9.29am: Stocks to dip despite US recovery

The local market is set to slink lower in Thursday’s session, despite a boost on Wall Street as company earnings releases pile in.

Futures relative to fair value suggest an early decline of 0.1 per cent, but futures suggest some upside risk, currently pointing to a 0.1 per cent gain.

Overnight, Wall Street recovered from its trade war fuelled sell-off earlier in the week, led by gains in tech stocks with the Nasdaq closing up 0.4 per cent.

US President Donald Trump stepped up his assault on the Federal Reserve, calling for the FOMC to cut rates bigger and faster, a call that comes amid a surprise 50 basis point cut from the RBNZ.

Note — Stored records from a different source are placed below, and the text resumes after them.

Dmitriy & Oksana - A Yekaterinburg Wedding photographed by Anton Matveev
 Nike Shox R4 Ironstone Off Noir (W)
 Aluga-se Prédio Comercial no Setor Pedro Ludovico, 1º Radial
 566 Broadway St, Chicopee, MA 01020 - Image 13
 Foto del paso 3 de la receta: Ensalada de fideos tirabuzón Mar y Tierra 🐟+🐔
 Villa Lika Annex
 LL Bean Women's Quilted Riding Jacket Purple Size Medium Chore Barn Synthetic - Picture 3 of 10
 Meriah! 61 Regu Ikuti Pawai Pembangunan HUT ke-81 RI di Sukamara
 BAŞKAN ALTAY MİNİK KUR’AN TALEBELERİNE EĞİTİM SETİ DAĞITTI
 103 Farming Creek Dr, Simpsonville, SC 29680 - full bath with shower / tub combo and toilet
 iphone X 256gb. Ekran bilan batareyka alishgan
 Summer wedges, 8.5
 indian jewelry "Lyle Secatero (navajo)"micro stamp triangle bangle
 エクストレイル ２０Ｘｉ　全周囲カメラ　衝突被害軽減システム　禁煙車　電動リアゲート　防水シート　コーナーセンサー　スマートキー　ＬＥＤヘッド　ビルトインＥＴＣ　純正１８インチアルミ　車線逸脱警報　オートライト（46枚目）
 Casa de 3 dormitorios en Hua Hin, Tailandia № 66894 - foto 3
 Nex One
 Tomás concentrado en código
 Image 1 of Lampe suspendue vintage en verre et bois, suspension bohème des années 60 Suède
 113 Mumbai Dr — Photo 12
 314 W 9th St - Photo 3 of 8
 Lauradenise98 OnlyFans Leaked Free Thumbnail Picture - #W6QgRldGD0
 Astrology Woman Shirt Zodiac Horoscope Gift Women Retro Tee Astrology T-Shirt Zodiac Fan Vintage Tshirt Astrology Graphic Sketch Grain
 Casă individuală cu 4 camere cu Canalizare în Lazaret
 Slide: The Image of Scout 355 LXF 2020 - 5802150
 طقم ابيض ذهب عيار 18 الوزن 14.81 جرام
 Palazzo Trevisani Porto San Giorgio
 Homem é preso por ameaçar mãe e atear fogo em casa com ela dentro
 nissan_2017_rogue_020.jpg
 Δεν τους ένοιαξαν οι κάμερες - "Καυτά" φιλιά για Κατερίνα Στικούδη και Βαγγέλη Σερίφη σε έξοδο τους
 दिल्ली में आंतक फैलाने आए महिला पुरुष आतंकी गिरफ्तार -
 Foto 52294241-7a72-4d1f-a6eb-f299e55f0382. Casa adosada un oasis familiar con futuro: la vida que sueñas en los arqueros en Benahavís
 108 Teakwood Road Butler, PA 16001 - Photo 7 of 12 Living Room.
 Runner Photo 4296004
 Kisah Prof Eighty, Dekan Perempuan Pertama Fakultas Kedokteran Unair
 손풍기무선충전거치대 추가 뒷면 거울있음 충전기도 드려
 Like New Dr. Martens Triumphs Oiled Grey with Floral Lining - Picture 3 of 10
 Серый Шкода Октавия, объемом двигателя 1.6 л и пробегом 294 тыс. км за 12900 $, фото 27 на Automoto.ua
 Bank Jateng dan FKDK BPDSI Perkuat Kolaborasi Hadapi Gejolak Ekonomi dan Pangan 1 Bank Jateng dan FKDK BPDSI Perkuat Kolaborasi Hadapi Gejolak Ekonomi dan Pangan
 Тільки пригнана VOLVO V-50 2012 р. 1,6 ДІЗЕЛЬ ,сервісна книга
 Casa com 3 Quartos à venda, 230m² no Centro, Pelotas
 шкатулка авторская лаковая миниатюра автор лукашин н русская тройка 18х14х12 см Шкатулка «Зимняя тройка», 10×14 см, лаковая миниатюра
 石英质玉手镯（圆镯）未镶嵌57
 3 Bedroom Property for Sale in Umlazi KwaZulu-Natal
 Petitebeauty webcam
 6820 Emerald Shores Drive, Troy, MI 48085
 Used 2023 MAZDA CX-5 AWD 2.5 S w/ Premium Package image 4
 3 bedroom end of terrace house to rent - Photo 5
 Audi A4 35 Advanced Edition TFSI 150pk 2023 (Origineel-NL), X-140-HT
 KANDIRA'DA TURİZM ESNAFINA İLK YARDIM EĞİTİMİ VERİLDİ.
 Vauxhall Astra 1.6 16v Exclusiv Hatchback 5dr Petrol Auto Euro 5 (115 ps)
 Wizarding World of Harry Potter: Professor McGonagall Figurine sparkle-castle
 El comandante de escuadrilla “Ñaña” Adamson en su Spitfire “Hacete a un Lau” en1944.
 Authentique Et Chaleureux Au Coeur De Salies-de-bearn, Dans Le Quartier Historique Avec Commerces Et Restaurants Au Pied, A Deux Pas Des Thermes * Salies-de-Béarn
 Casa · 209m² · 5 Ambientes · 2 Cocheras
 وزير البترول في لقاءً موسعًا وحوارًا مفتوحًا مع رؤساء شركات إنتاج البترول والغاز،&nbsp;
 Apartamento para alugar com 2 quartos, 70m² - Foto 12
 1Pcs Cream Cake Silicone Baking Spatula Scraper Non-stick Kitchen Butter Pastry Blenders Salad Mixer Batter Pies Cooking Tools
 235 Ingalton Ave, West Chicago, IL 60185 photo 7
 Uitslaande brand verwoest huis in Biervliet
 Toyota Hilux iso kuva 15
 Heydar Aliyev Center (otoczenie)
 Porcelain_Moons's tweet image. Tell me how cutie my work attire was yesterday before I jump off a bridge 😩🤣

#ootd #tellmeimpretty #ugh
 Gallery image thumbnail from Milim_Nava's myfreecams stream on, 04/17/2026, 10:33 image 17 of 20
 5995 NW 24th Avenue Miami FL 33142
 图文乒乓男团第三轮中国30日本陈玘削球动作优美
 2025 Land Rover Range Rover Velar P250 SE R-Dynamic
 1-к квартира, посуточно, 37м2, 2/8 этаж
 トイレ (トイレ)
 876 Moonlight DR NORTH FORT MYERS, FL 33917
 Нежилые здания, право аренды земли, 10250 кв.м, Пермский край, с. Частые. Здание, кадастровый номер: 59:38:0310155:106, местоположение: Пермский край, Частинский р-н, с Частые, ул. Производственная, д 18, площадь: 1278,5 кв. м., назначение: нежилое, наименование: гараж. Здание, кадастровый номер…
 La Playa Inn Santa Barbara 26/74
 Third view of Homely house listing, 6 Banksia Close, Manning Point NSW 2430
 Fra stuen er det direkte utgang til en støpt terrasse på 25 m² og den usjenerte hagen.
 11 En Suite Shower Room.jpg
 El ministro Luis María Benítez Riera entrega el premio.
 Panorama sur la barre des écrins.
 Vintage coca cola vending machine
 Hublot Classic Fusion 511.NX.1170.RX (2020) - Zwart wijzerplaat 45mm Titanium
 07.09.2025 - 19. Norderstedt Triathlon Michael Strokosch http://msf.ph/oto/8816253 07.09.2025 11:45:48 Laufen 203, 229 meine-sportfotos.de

The Aussie dollar made back some ground after plunging to decade-lows yesterday on that decision, but pressure will remain over the session ahead.

“The spread between 3-month Treasury bill rates and 10-yr yields, a widely watched recession indicator, increased to the highest level seen since March 2007,” ANZ economist David Plank says summarising key moves overnight.

“US Treasury 30-yr yields neared record lows and yields on German 10-yr government bonds fell to a new low of -0.6 per cent. Oil prices slumped 4 per cent to $US51.5/bbl, a seven-month low.”

Iron ore too has extended its losses, now firmly in bear market territory with prices at $US93 per tonne.

Locally, earnings from AMP, AGL, Mirvac and IAG will put pressure on those shares while RBA assistant governor for financial systems Michele Bullock is speaking on financial stability through the lens of business this morning.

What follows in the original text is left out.